SUPPLIED DATA below:

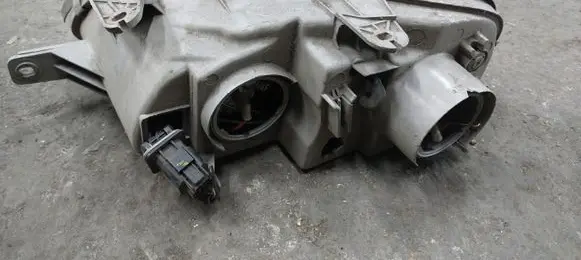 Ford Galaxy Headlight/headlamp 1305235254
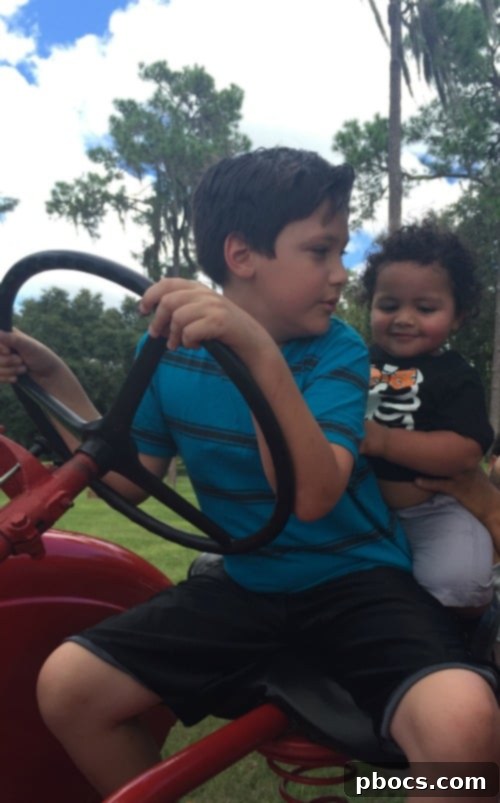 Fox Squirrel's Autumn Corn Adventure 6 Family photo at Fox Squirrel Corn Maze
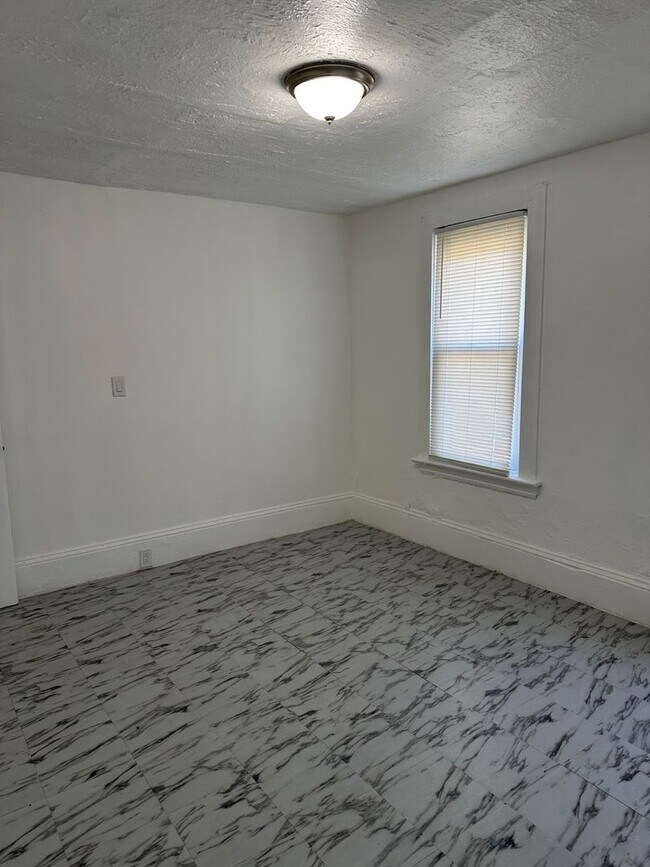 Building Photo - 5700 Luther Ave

End of SUPPLIED DATA.

PROBLEM DESCRIPTION: Would you write out the material above in full, exactly as given, except for its pictures?

COMPLETED TASK:
 Ford Galaxy Headlight/headlamp 1305235254
 Fox Squirrel's Autumn Corn Adventure 6 Family photo at Fox Squirrel Corn Maze
 Building Photo - 5700 Luther Ave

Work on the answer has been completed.